• **TASK STATEMENT**:
Transcribe the entries exactly as they stand below, passing over any picture.

• **INPUT DATA**:
──────

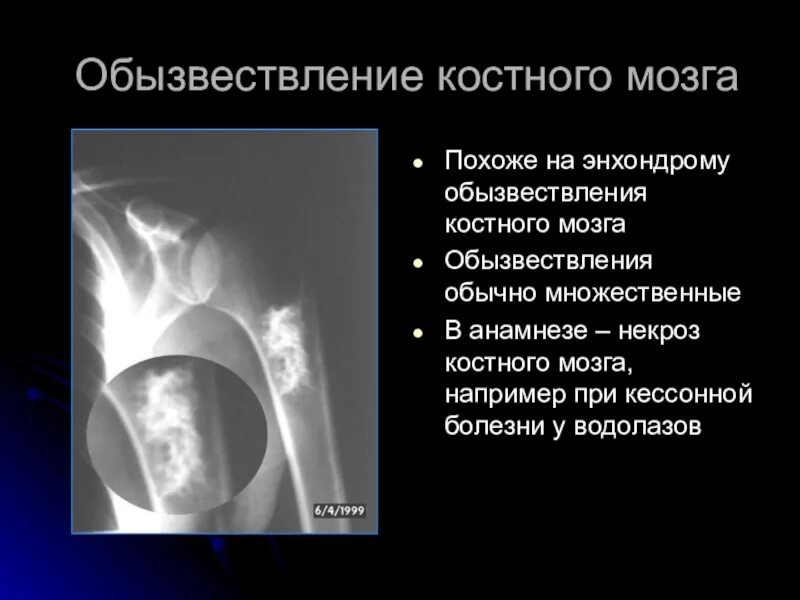 Обызвествление в проекции. Энхондрома бедренной кости кт. обызвествление костного мозга. обызвествление мягких тканей. обызвествление аортального клапана.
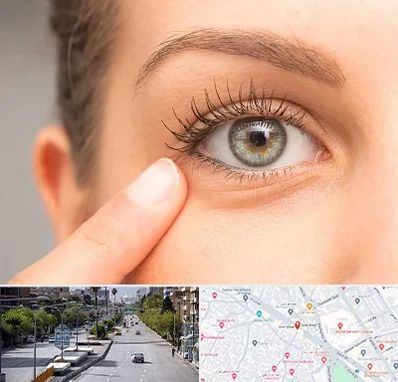 جراح پف چشم در خیابان زند شیراز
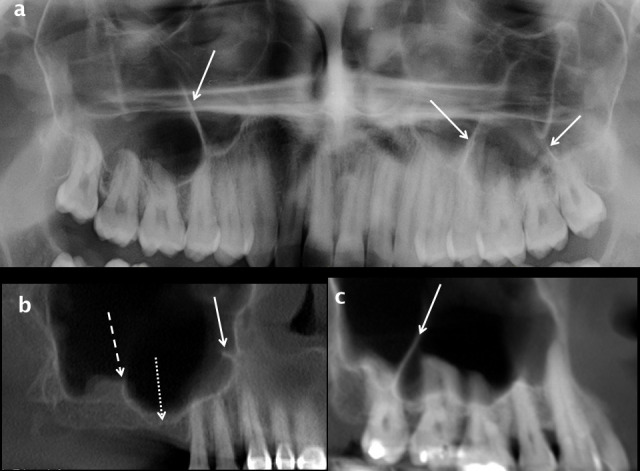 Figure 14.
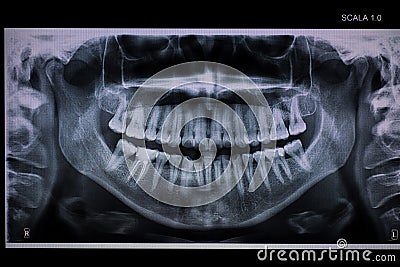 Panoramic dental XRay with a root canal Stock Photo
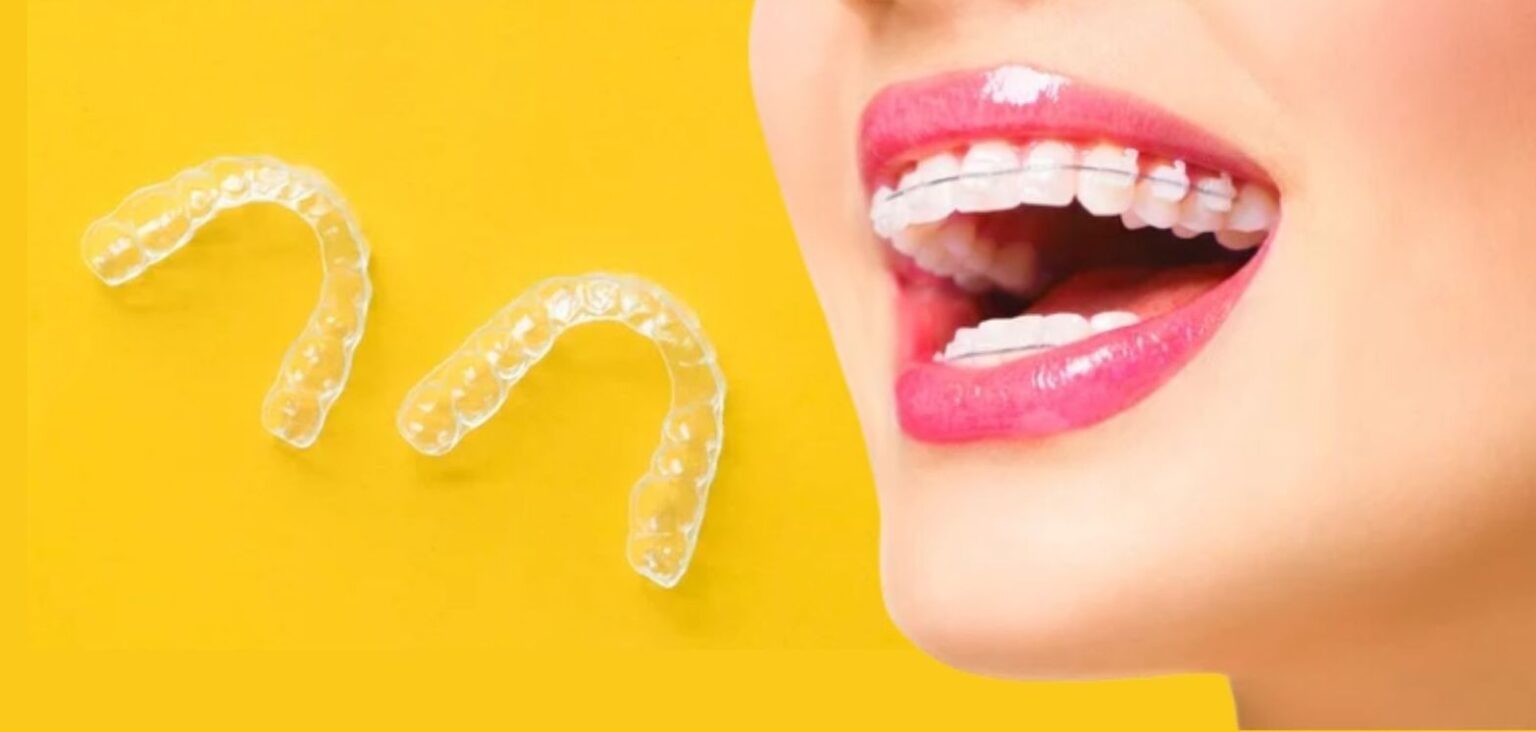 Is Invisalign Cheaper Than Braces? OC Dental Center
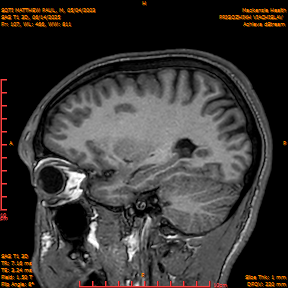2025-06-14/SAG T1 3D/0108-IM293.png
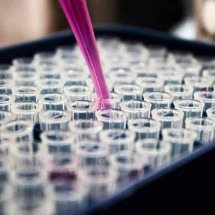 Pesquisas brasileiras avançam no diagnóstico de Alzheimer -  Louis Reed/ Unsplash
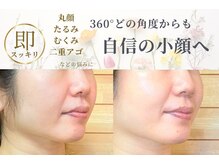 ハナハナ(hanahana)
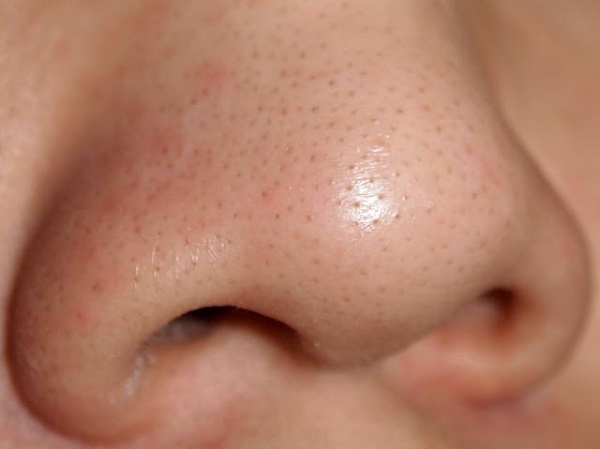 blackheads nose how to remove it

──────

• **TASK OUTPUT**:
 Обызвествление в проекции. Энхондрома бедренной кости кт. обызвествление костного мозга. обызвествление мягких тканей. обызвествление аортального клапана.
 جراح پف چشم در خیابان زند شیراز
 Figure 14.
 Panoramic dental XRay with a root canal Stock Photo
 Is Invisalign Cheaper Than Braces? OC Dental Center
2025-06-14/SAG T1 3D/0108-IM293.png
 Pesquisas brasileiras avançam no diagnóstico de Alzheimer -  Louis Reed/ Unsplash
 ハナハナ(hanahana)
 blackheads nose how to remove it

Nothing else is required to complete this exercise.